START Provided data

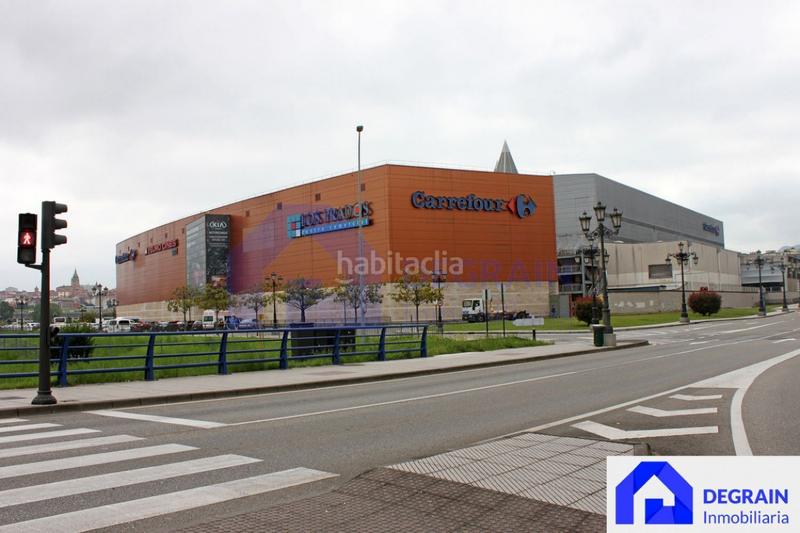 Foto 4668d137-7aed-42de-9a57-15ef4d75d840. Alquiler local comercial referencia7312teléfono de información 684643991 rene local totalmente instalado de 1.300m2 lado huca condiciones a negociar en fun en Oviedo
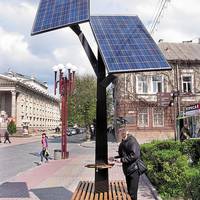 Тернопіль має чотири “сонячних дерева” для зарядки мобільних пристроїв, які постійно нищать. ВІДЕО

END Provided data
START Provided data

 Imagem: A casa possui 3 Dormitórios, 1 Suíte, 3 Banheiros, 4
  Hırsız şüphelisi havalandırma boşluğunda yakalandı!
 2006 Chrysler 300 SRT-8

END Provided data

Task requirements
Of all the entries above, output exactly the lines between the one holding "Hırsız şüphelisi havalandırma" and the one holding "2006 Chrysler 300 SRT-8", inclusive.

Solution to this exercise
  Hırsız şüphelisi havalandırma boşluğunda yakalandı!
 2006 Chrysler 300 SRT-8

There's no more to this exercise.